To: Russell Cattelan <cattelan@xxxxxxxxxxx>
Subject: Re: XFS as Root filesystem
From: Tan Pong Heng <pongheng@xxxxxxxxxxxxxx>
Date: Fri, 07 Apr 2000 06:48:52 +0800
Cc: "Stephen C. Tweedie" <sct@xxxxxxxxxx>, Lyle Seaman <lws@xxxxxxxxxxxxxxxx>, linux-xfs@xxxxxxxxxxx
References: <200004051440.JAA25697@xxxxxxxxxxxxxxxxxxxx> <38EB8FEF.9CB411C@xxxxxxxxxxxxxxxx> <20000406162144.B14727@xxxxxxxxxx> <38ECB5E1.E6CFEC35@xxxxxxxxxxx>
Sender: owner-linux-xfs@xxxxxxxxxxx
Russell Cattelan wrote:

> "Stephen C. Tweedie" wrote:
>
> > Hi,
> >
> > On Wed, Apr 05, 2000 at 03:11:44PM -0400, Lyle Seaman wrote:
> > >
> > > How does a readonly filesystem become inconsistent?
> > > (esp: "how does ext3 on readonly media" become inconsistent?)
> > >
> > > The obvious answer is "well, it *wasn't* readonly when it
> > > became inconsistent".
> > >
> > > If that's the case, then why do you care?  Naively, I wouldn't
> > > think this is a big deal.  Why am I wrong?
> >
> > Because (a) existing Linux installations expect to mount the
> > root filesystem readonly until basic consistency checking has
> > been done; and (b) after a cold reboot, the filesystem will
> > need recovery before it can be mounted.
> >
> > In practice there is no problem mounting the root filesystem
> > read-write if you have journaling, with one important exception:
> > if you detect actual errors on the fs such that a constency
> > check is required, mounting the fs read-write is dangerous.
> > (Ext2/ext3 mark an error flag in the superblock if they detect
> > dangerous inconsistencies in the fs so that a subsequent fsck
> > will be forced.  I don't know if xfs does this or not.)
> >
>
> XFS doesn't actually try to detect file system inconstancies at mount
> time.
> (this would defeat quick recovery)
> If it can successfully replay the the log and complete all outstanding
> meta
>  data requests it assumes the file system is clean, if not it simply
> won't
> mount.
>
> If at any time a live XFS file system detects and error XFS will
> immediately halt
> all IO to the device.
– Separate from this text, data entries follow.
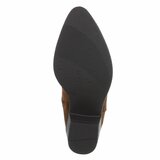 Bottes western-biker mi-hautes en daim brun foncé Chilou_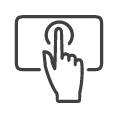 2D point of touch 2D point of touch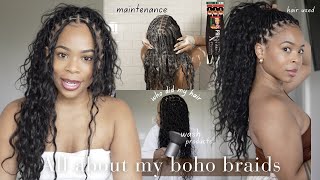 THE BEST small Knotless BOHO BRAIDS  Purchase GOOD HUMAN Hair amp Maintenance  GODDESS BRAIDS [upl. by Nate]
It is then up to the administrator to do manual
> checks and
> or repairs.
>
> -Russell

Linux mount root fs read-only during boot so that it could do a fsck
during
the boot up process to make it consistance automatically (well, as far as

possible that is.) I believe mounting XFS read-write has the same effect.

But, it would be good to define under what condition/situation would a
XFS fs be in-consistance and under that condition, is it possible to fsck

it if it is mounted read-write or read-only.